Nea Chora Beach, Crete Island: Nea Chora is the closest beach to Chania Town, located to the west of the Venetian walls. It can be accessed by bus, by car or on foot. Therefore, it is very close to the city and the shopping centre.
Nea Chora is a sandy beach with shallow waters that are suitable for children and is well-organized, offering accommodation facilities, sun beds, umbrellas, cafes and nice taverns that serve delicious fresh fish dishes.
Nea Chora Beach – Crete Holidays
In fact, Nea Chora is a popular beach among locals and tourists. Have in mind that on the other side of the Venetian walls, the eastern side, there is another beach that is affected by summer winds and therefore it is not so popular.
Nea Chora is a very long sandy beach, located 1km west of Chania city center, along the Akti Papanikoli Street. You can walk to here from Chania harbor,since it takes around 15 minutes. The main beach of Nea Chora is very well organized, with several amenities nearby. It is a nice sandy beach, with rocks in some places.
Nea Chora is ideal for those that do not want to leave the city centre. Beyond the east side of the beach, there is the old soap factory (you can still see it’s high chimney) and the satatorium of Chania. Nea Chora is popular to locals for it’s fish taverns.
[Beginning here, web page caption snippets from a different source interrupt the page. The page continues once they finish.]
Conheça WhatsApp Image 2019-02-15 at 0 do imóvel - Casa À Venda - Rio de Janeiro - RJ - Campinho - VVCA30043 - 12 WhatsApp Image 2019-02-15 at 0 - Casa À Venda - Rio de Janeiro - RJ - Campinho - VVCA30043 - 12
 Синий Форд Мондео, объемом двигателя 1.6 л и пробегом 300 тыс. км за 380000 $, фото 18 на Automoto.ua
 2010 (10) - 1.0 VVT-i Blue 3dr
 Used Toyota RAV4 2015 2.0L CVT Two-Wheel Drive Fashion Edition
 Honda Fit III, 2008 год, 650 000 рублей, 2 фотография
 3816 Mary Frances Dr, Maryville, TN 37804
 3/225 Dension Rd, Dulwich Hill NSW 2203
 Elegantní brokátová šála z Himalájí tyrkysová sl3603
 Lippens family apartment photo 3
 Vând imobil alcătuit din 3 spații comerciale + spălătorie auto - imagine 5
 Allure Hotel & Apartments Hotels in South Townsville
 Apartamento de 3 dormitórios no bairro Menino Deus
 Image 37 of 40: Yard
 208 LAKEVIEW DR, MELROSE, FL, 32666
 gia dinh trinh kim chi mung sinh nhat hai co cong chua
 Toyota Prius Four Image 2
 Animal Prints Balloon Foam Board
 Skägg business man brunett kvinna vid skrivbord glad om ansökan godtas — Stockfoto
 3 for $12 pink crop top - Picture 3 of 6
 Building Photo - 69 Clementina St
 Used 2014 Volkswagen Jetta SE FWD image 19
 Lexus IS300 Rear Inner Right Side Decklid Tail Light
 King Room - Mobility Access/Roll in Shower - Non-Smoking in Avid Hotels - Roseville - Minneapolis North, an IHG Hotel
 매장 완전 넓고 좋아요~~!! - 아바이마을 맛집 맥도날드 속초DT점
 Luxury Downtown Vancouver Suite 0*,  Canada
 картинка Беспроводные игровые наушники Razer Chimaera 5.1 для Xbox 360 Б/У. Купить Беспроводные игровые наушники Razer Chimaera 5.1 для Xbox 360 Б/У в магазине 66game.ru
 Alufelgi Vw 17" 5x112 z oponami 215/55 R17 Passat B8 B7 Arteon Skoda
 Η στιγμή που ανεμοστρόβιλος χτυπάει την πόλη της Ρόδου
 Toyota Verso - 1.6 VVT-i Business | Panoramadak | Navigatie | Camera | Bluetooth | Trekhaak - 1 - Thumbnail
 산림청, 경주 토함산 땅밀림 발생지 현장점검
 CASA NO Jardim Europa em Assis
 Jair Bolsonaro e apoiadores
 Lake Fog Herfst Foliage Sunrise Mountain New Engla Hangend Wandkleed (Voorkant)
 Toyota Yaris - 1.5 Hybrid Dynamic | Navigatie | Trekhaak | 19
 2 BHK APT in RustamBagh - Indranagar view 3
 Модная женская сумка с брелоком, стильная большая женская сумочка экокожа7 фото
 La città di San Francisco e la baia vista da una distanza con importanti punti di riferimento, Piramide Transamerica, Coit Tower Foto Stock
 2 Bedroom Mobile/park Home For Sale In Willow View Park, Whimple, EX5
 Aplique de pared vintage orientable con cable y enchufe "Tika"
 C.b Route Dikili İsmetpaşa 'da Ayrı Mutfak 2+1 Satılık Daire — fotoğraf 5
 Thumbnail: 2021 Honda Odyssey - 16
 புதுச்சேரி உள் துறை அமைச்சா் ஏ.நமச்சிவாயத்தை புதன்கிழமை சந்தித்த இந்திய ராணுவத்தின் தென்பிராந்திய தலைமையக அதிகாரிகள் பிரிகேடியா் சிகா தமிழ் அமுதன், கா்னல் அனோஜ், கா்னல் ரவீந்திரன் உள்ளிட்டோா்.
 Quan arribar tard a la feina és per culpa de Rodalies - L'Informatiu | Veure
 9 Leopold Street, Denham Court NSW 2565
Of course, there are many taverns, restaurants, snack bars and cafes in the area. The “Sardine Festival” is organized every summer at the beach of Nea Chora, with traditional music, dances and free fish for the visitors.
A second beach is shaped beyond the river Kladisos and extending up to Aptera beach. Kladisos beach is a nice long sandy (and pebbly in places) bay. Despite the fact that this is very close to Chania and it is very nice, this beach is secluded and not organised. The easiest way to access the beach, is by crossing the Kladisos river, using the pedestrian bridge.
The islet Lazaretta is located opposite Nea Chora and in the 17th century was used by the Venetians as the leprosarium island of Chania, like most islets off cities of Crete. Its name is taken after Lazarus, the patron saint of lepers by the Roman Catholic Church. Graves have been identified, apparently of patients, while we still discern the foundations of buildings demolished by the Turks in 1645 to place a large cannon to aid in their attack of Chania’s stronghold at the mouth of the harbour.
In some places you will see metal fragments from bombs that fell during military exercises of the Germans during the Second World War. The island hosts a shrine of St. Nicholas built by a local in 1954. This man suffered sunstroke on the island but managed to swim to Nea Chora and save his life. On the island there is a small sandy beach ideal for snorkeling currently visited by the local diving schools and sea excursion boats. In the 1950s long distance competitive swimmers used Lazaretta as a start point when racing – Chania inner harbour was the finish line.